Practical Build Notes
Use realistic numbers when testing. Enter your weapon damage after normal elemental setup only if you want a simplified build total. Enter raw base damage if you want cleaner mod comparison. Keep the stacking model on intended additive mode for most direct melee planning. Use the separate multiplier option only for custom testing, special simulations, or comparison with older discussions.
Smart Status Planning
High status chance is not enough by itself. You need different effects available on the enemy. A companion, primer, Warframe ability, secondary weapon, or squad member can raise the count quickly. The best setup balances status preparation with attack speed, range, critical damage, and survivability. The calculator gives a fast estimate, but in-game tests still matter because enemy armor, resistances, buffs, and weapon quirks can change real damage.
Testing Your Assumptions
Do not treat the output as a game promise. Treat it as a planning baseline. Save one version with a primer count, then test another version without external help. The difference shows how much the build depends on preparation against enemy levels.
Example Data Table
| Build case | Base damage | Ordinary damage | Status types | CO bonus | Best use |
|---|---|---|---|---|---|
| Simple melee hit | 250 | 165% | 1 | 80% | Quick early estimate |
| Primer support | 250 | 165% | 4 | 320% | Status-heavy loadout |
| Squad status stack | 400 | 220% | 6 | 480% | Coordinated damage testing |
FAQs
What does Condition Overload scale from?
It scales from the number of unique status types affecting the target. The calculator multiplies that count by the entered per-status bonus and applies it through the chosen damage model.
Does one status with many stacks count many times?
No. The calculator treats repeated stacks of the same status as one unique type. Add more checked types only when the target has different effects.
Why is 80 percent the default value?
The default reflects a max rank Condition Overload setup. You can change the field for lower rank tests, custom simulations, or future balance changes.
Should I use additive or separate mode?
Use additive mode for normal direct melee planning. Use separate mode for comparison, custom testing, or old build discussions that assumed a separate multiplier.
Can I include a primer weapon?
Yes. Check the status effects your primer usually applies before the melee hit. Add any special outside effects in the extra unique status field.
How does the critical estimate work?
The tool uses a simple expected critical formula. It multiplies average damage by critical chance and critical damage. It is useful for planning, not frame-perfect testing.
Does the calculator include armor reduction?

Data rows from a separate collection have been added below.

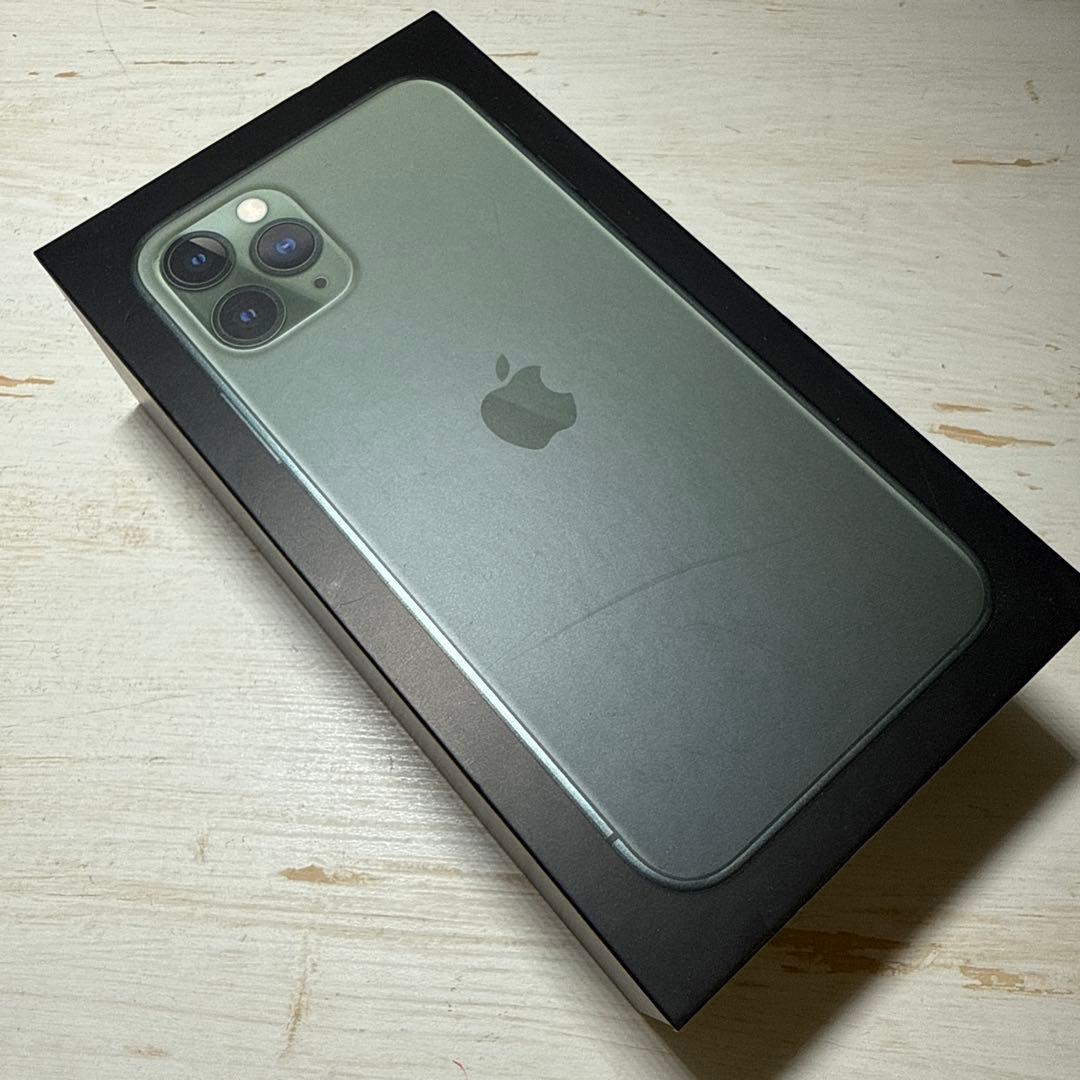 スマートフォン本体 iPhone11Pro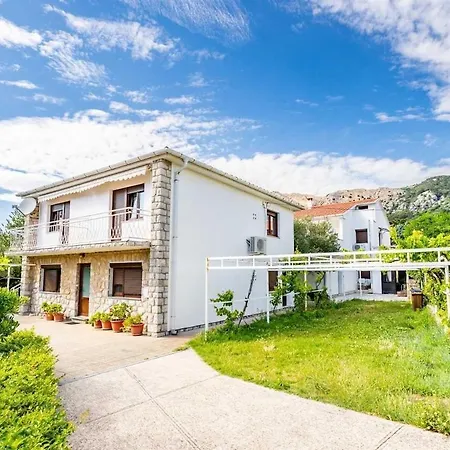 Apartman Adora A8 Baška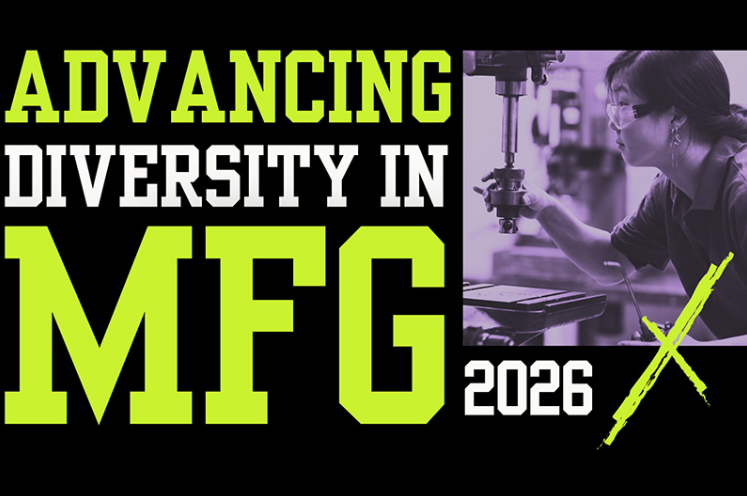 advancing diversity in manufacturing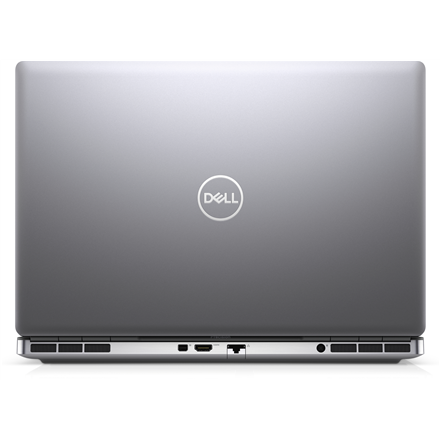 Dell Mobile Precision 7750 Gray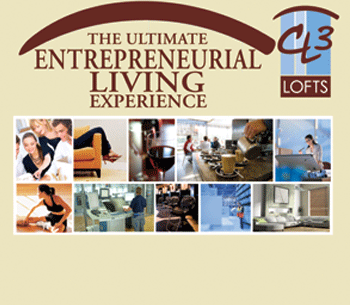 CL3_tradeshow 10 X 10 display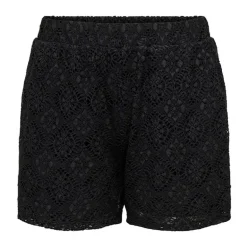 Short court élastique eva à dentelle Femme JDY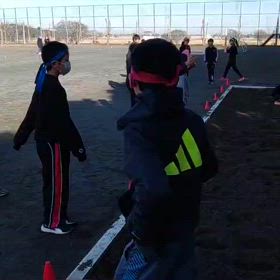 2/24 走り幅跳び①の画像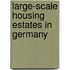 Large-scale housing estates in Germany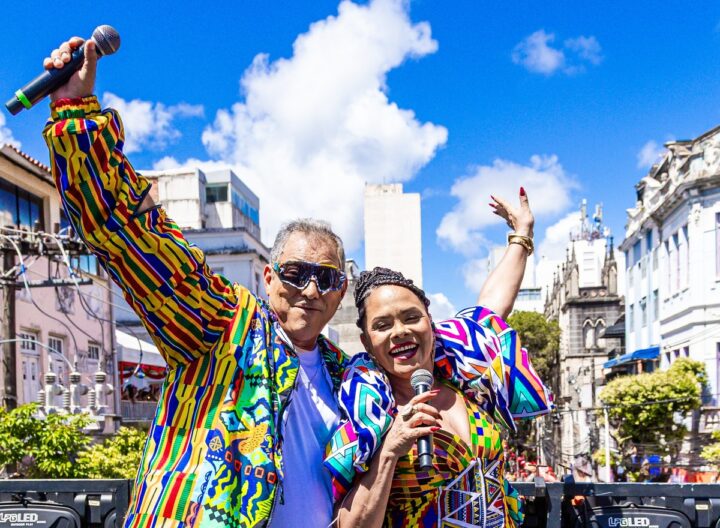 Banda Mel é destaque em evento na Europa neste fim de semana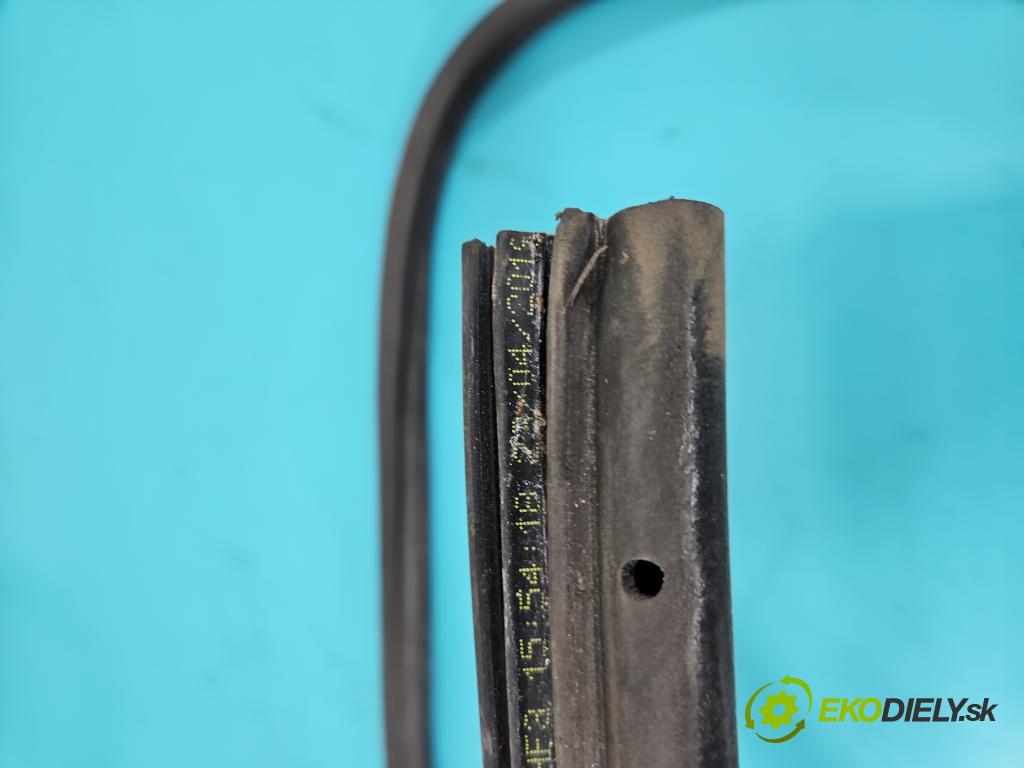 Fiat Ducato IV 2014- 2.3 jtd 177 HP manual 130 kW 2287 cm3 5- Těsnění: dvere zadné ľavé  (Karoséria ostatné)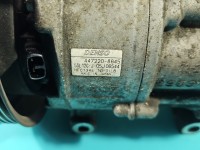 Sprężarka klimatyzacji kompresor Fiat Bravo II 1.9 jtd 447220-8645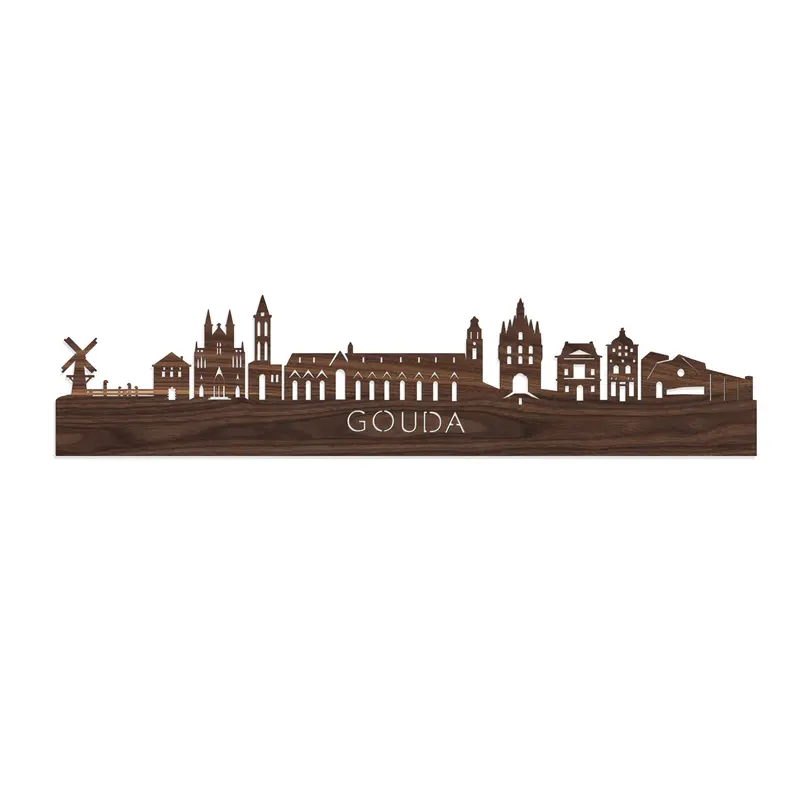 Skyline Gouda Noten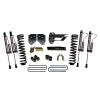 Skyjacker 4INKIT 2017 F250 4WD W/DIES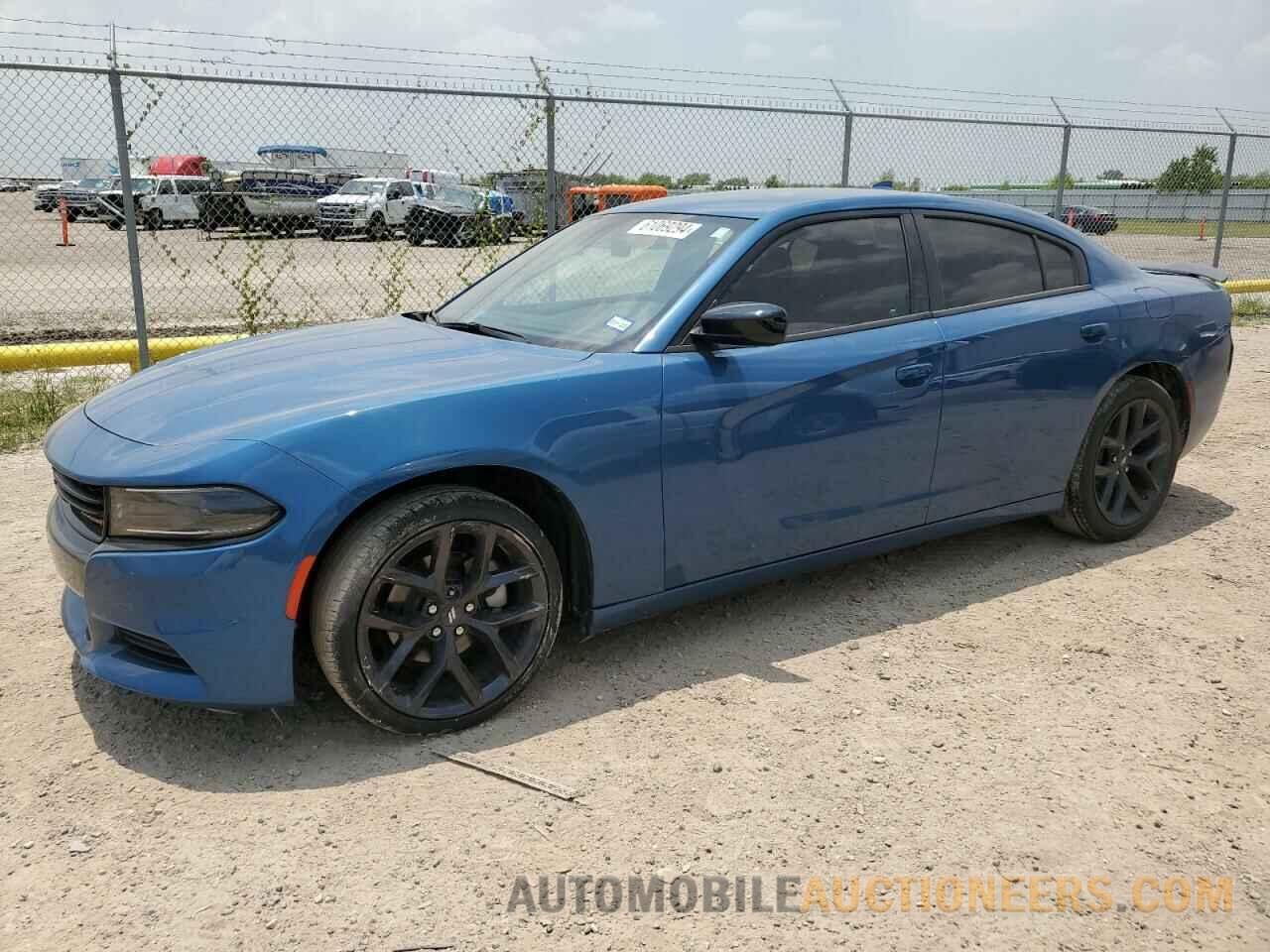 2C3CDXBG9PH548125 DODGE CHARGER 2023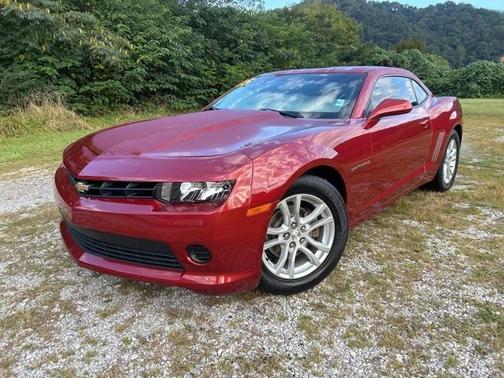 2015 Chevrolet Camaro 1LS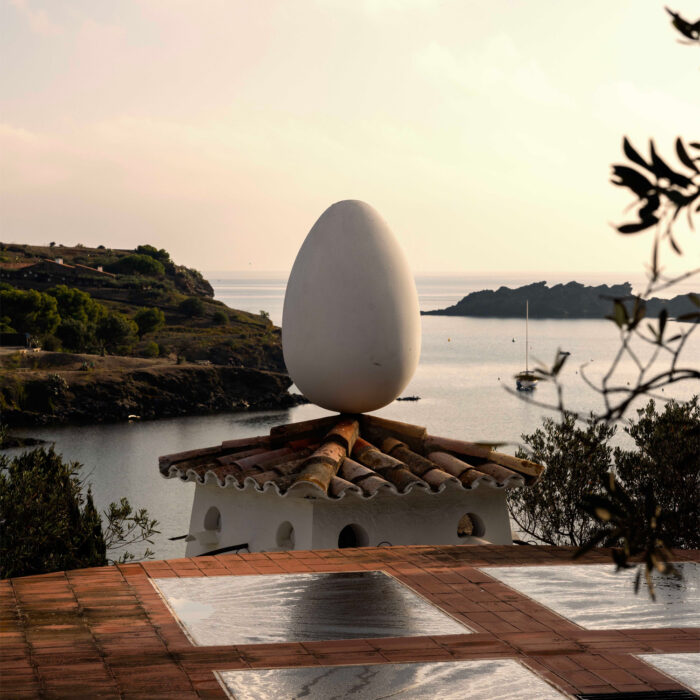 Salvador Dalí casa Portlligat spagna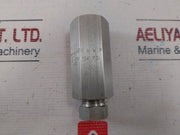 Spir Star Hc-mf9-nf8 Tube Coupling Adapter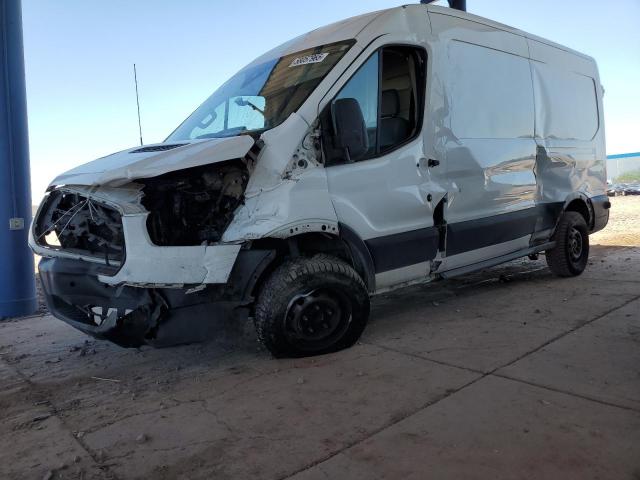  Salvage Ford Transit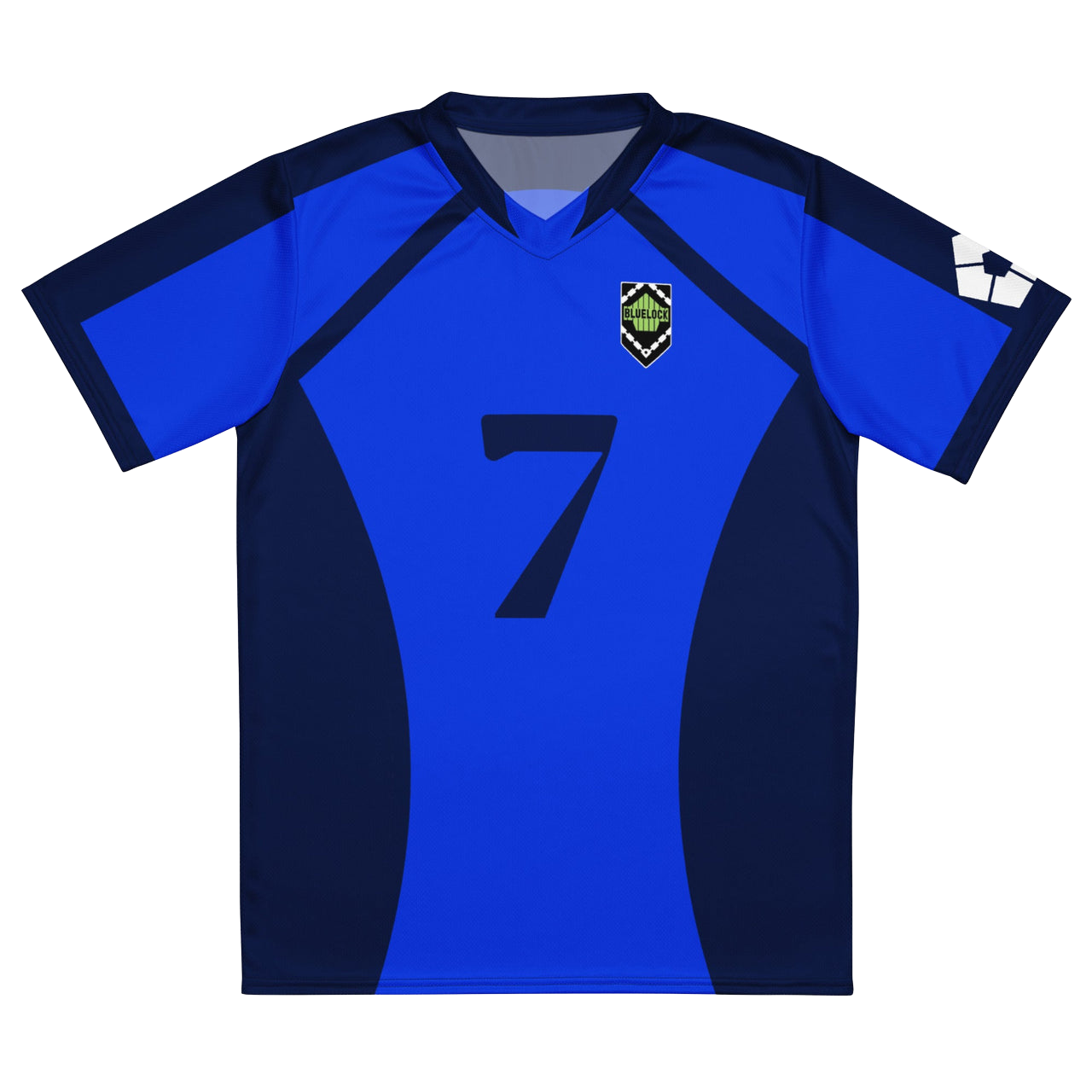 NAGI SEISHIRO JERSEY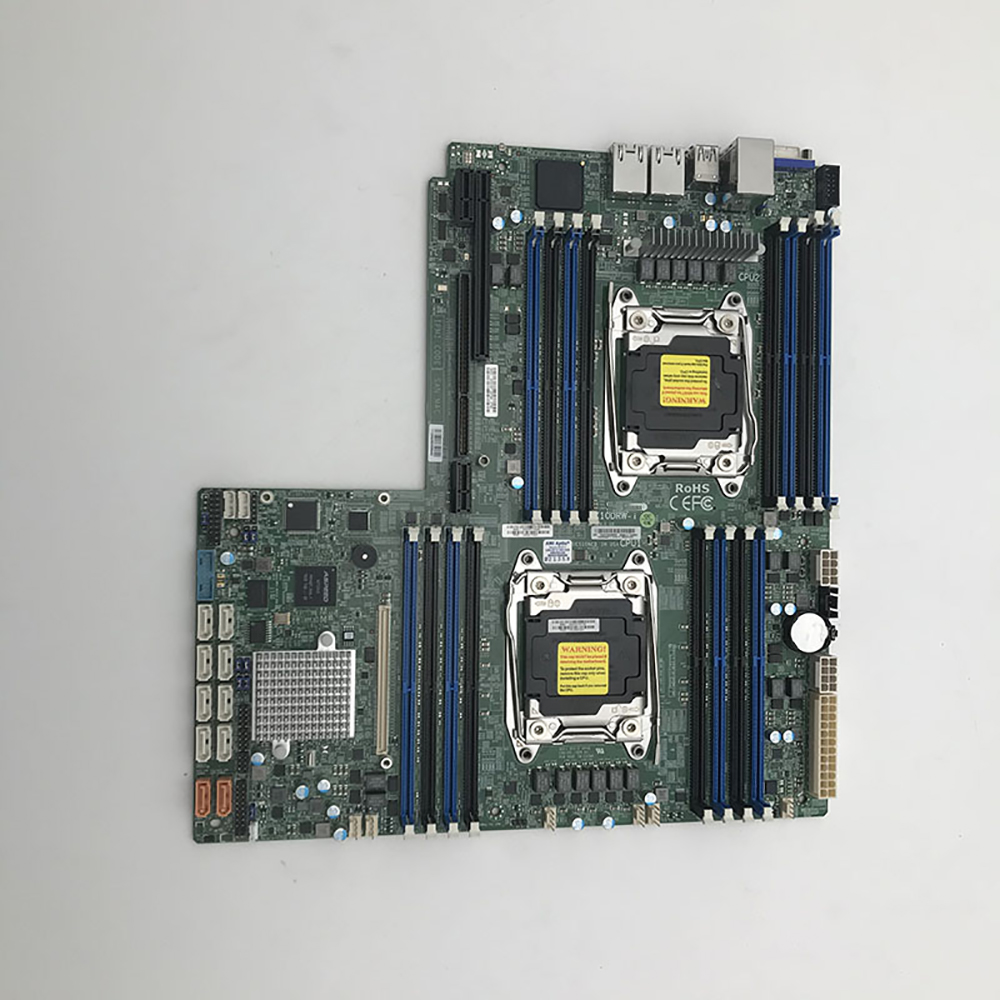 Board C612 2011 E5-2600 16 DIM - Ddr4 2400Mhz 评论和价格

Use the enemy damage taken field for broad armor, resistance, vulnerability, or mitigation adjustment. Enter 100 for neutral damage and lower values for reduced damage.
What is the break-even status count?
It estimates how many unique status types are needed before Condition Overload matches your ordinary damage bonus entry. It helps compare mod slot value.
Can this calculator predict exact in-game damage?
It gives a strong estimate. Exact damage can differ because of enemy defenses, hidden weapon behavior, buffs, animations, faction rules, and special damage interactions.
Why does the result appear above the form?
The result is placed above the form so users can see the calculation immediately after submitting. This matches fast comparison workflows.
Can I save the calculated result?
Yes. After calculation, use the CSV button for spreadsheet data. You can also use the print button and save the page as a PDF.